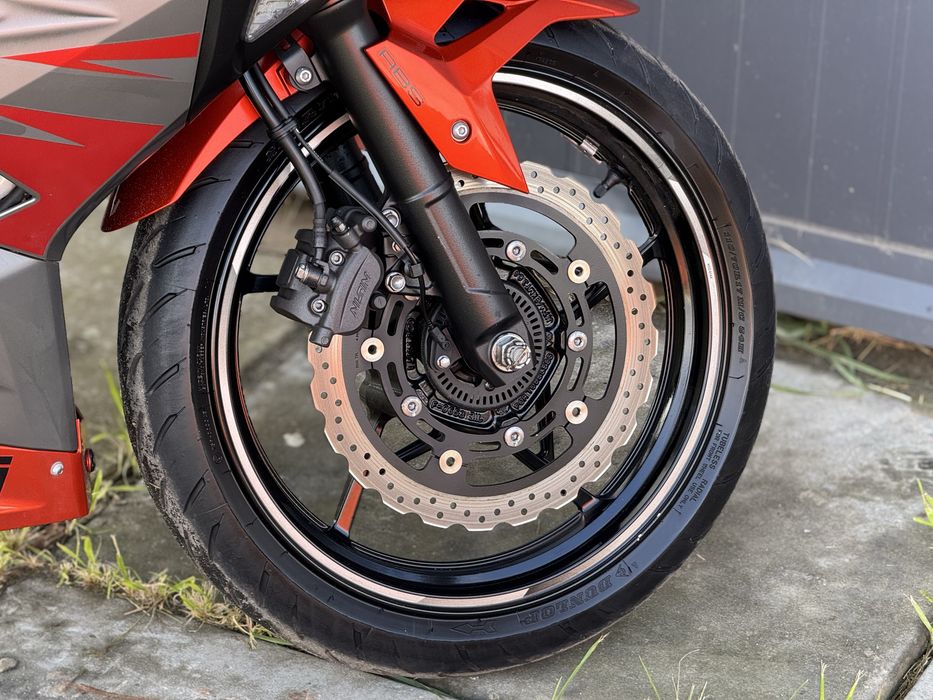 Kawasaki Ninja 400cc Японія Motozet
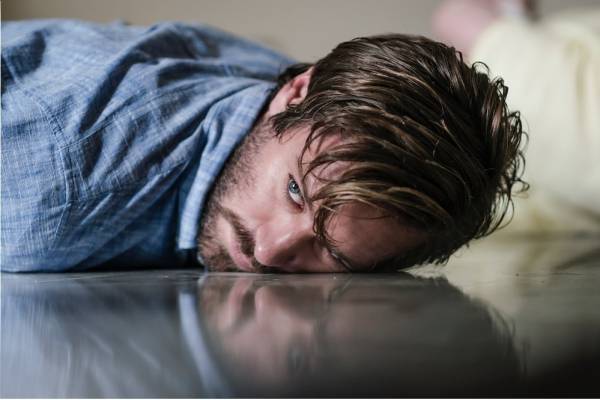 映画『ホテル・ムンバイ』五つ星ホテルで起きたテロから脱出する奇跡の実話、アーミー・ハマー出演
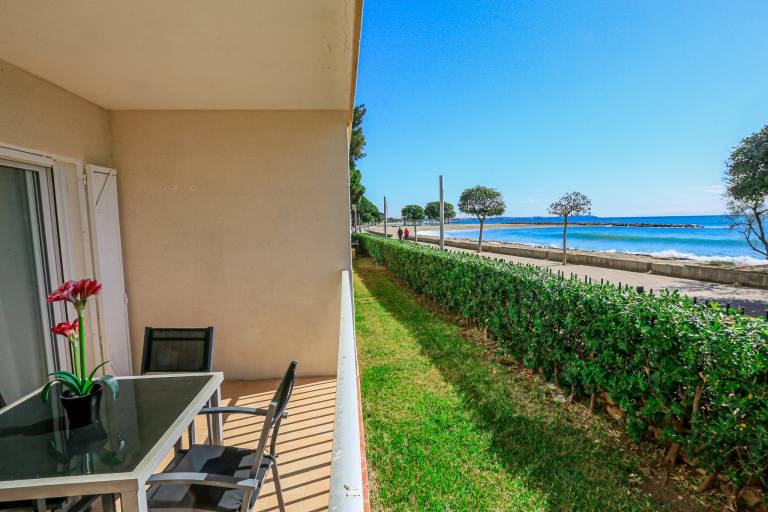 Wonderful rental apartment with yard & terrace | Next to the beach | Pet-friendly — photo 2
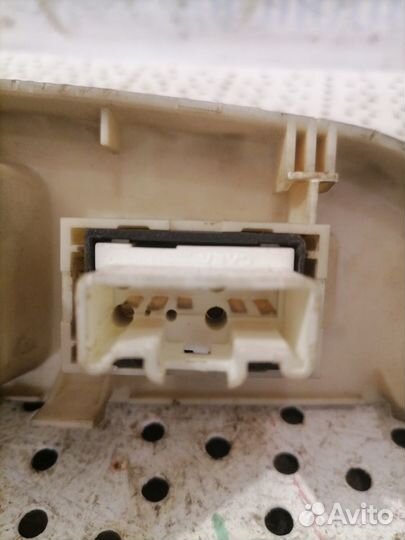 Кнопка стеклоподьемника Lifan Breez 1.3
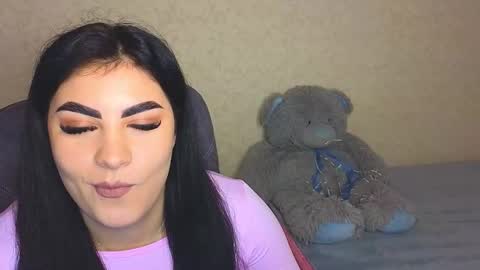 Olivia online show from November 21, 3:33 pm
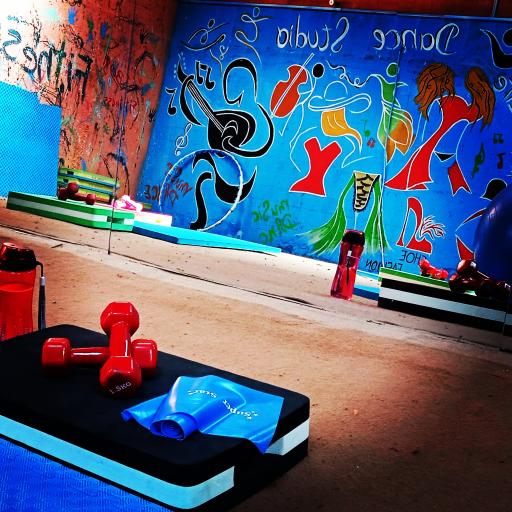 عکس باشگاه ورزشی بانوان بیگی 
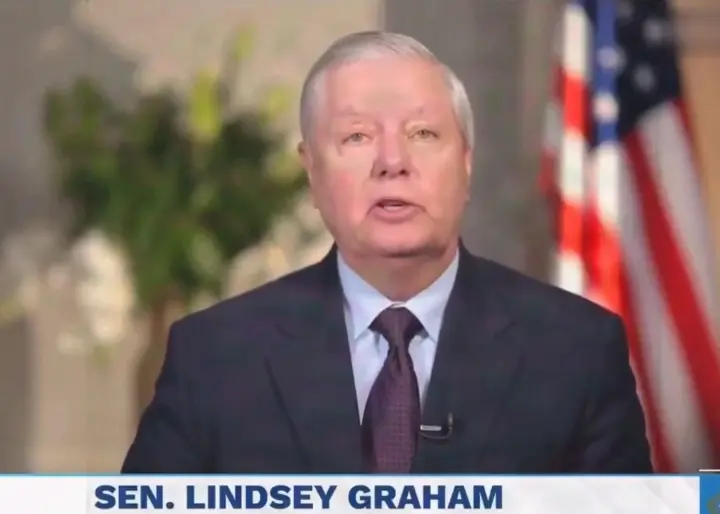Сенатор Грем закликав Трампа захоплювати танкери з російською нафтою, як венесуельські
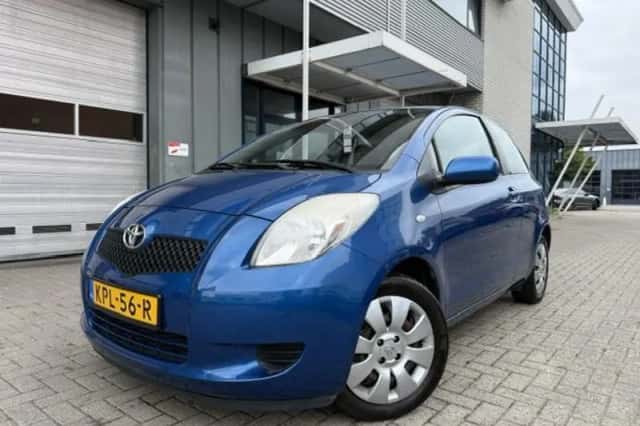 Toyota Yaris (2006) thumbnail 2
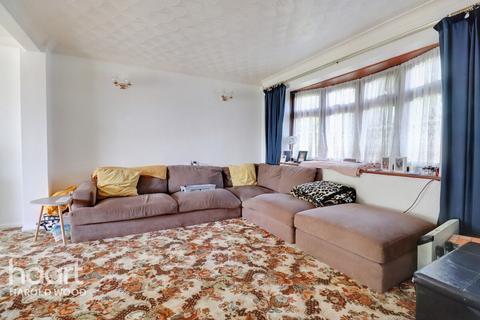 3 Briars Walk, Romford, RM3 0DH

* _What is being asked_
The data above must be written out again word for word, without its pictures.

* _Task result_
 Kawasaki Ninja 400cc Японія Motozet
 映画『ホテル・ムンバイ』五つ星ホテルで起きたテロから脱出する奇跡の実話、アーミー・ハマー出演
 Wonderful rental apartment with yard & terrace | Next to the beach | Pet-friendly — photo 2
 Кнопка стеклоподьемника Lifan Breez 1.3
 Olivia online show from November 21, 3:33 pm
 عکس باشگاه ورزشی بانوان بیگی 
Сенатор Грем закликав Трампа захоплювати танкери з російською нафтою, як венесуельські
 Toyota Yaris (2006) thumbnail 2
 3 Briars Walk, Romford, RM3 0DH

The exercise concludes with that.